Texte d’Ananda K. Coomaraswamy dans les Cahiers de l’Unité


Parution des Essais métaphysiques de Coomaraswamy


Ananda K. Coomaraswamy. L’appréciation des arts non familiers.

L’appréciation des arts non familiers

(Publié en 1936 dans The Visva-Bharati Quaterly)

 

Nous commencerons par faire deux suppositions implicites dans le début de cet exposé, à savoir (1) que, par choix ou par accident, nous avons devant nous quelque chose qui a été fait artistiquement, comme un tableau ou un vêtement d’un genre étrange, disons égyptien ou péruvien ; et (2) que le plaisir étant toujours préférable à la douleur, nous souhaitons si possible tirer quelque plaisir de la vue de l’objet qui se trouve devant nous.

Or, le plaisir est de deux sortes, soit des sens, soit de l’esprit, et comme nous voulons avoir le plus de plaisir possible, nous désirons les deux sortes. Les deux types de plaisir correspondent aux deux manières de considérer la « beauté » de l’objet. Le plaisir physique ou sensible peut lui-même être de deux sortes : direct ou imaginé. Si la valeur « décorative » de l’image ou la texture du vêtement nous plaît, le plaisir est direct ; mais si l’image est une représentation de quelqu’un ou de quelque chose qui nous est cher, ou si nous pensons que le vêtement réellement porté nous correspondrait, il sera indirect. De même, si l’image représente une activité qui correspond à nos goûts moraux ou à nos préjugés politiques.
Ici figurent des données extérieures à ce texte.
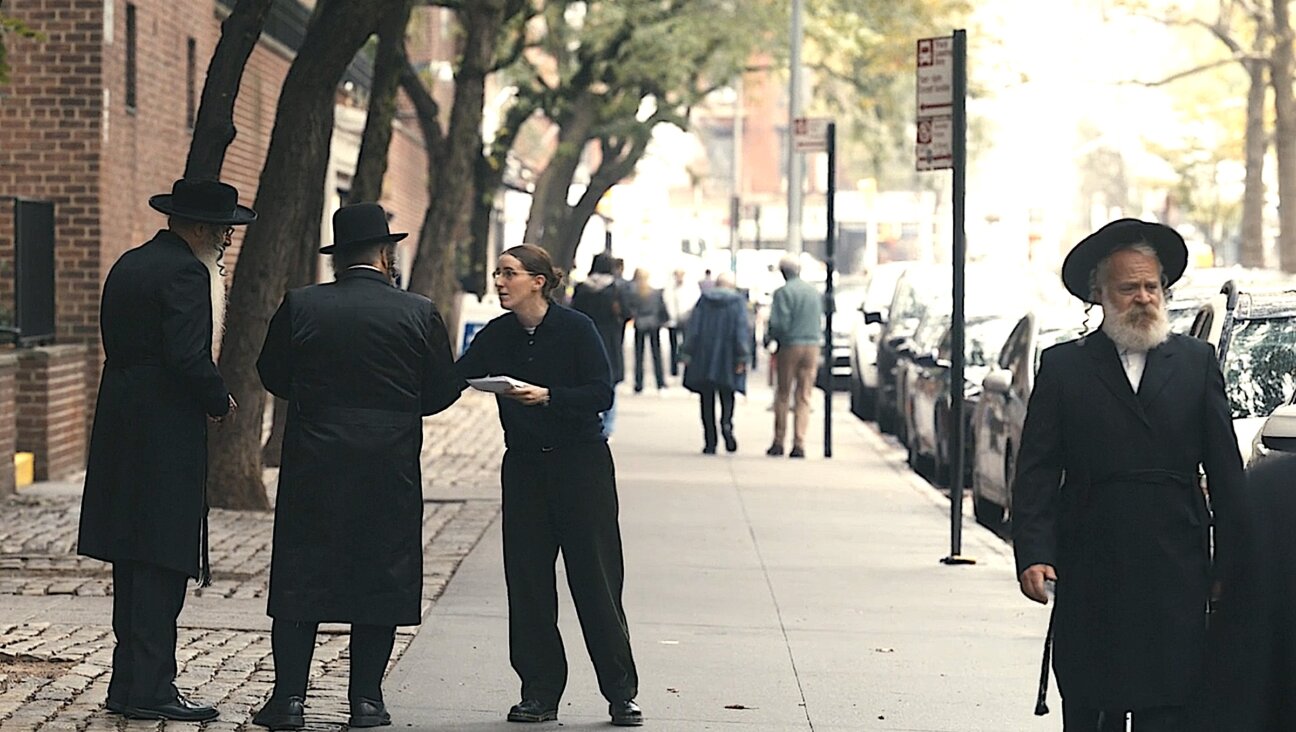 Robbie Hoffman, who plays Randi, handing out fliers in a Hasidic neighborhood.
Si nous l’appelons « belle » en conséquence, nous voulons dire charmante, aimable ou sympathique, plutôt que belle au sens du philosophe.
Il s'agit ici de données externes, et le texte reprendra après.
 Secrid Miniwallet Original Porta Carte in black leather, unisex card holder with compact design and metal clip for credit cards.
D’un autre côté, ce n’est pas parce que l’objet et ses qualités ne nous sont pas familiers et qu’il peut nous sembler « barbare » ou du moins « bizarre , et parce que les œuvres ne représentent pas quelqu’un ou quelque chose qui nous est déjà proche, ni toujours des activités que nous pouvons approuver et parce que nous n’avons pas d’utilité immédiate pour cet objet, il y a de fortes chances que nous le trouvions laid, que nous ne l’aimions pas du tout, mais que nous le considérions comme une curiosité. C’est d’ailleurs dans cette optique que les musées ont vu le jour, en tant que collections de « curiosités ». Aujourd’hui encore, il arrive que des objets ayant valeur de « curiosité » soient offerts en cadeau à des musées « d’art », qui les refusent (au grand désarroi du donateur potentiel) et, d’autre part, les musées « d’art » (guidés par des experts) collectent et exposent comme des œuvres d’art de nombreux objets que le public « ne connaissant rien à l’art, mais sachant ce que je préfère » continue de considérer comme des curiosités – manquant ainsi les types de plaisir susmentionnés.
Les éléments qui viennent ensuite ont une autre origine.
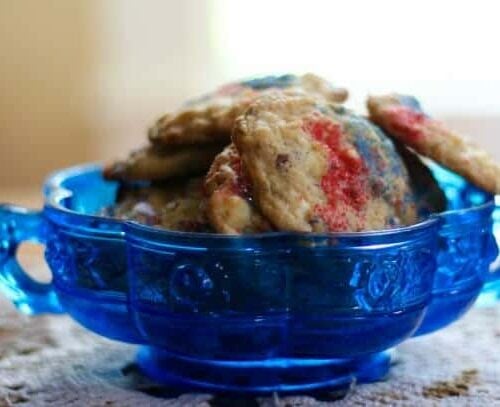 Chewy coconut white chocolate chip cookies are easy to make for summer snacking. From RestlessChipotle.com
Il est donc évident que pour obtenir le plaisir désiré, nous devons apprendre à réagir à des beautés inconnues, à apprécier de nouvelles sensations et à approuver ou à autoriser des comportements chez d’autres personnes qui pourraient être inacceptables pour nous. C’est là l’un des prix à payer pour la culture ; juger de toutes choses uniquement en fonction d’un goût hérité, c’est précisément être « provincial ». En même temps, cela ne veut pas dire que nous devons devenir éclectiques, ou imitateurs d’œuvres inconnues ; il s’agit du contraire de la « culture ». Être « influencé » implique une incompréhension fondamentale de la signification du style et ne peut aboutir qu’à la caricature. Nous ne devons pas essayer de faire nous-mêmes ce qui est naturellement fait par les autres, mais plutôt faire preuve de patience et reconnaître que ce qui nous paraît d’abord étrange peut avoir été nécessaire et approprié dans son propre environnement, respecter les idiosyncrasies des autres tout autant que les nôtres.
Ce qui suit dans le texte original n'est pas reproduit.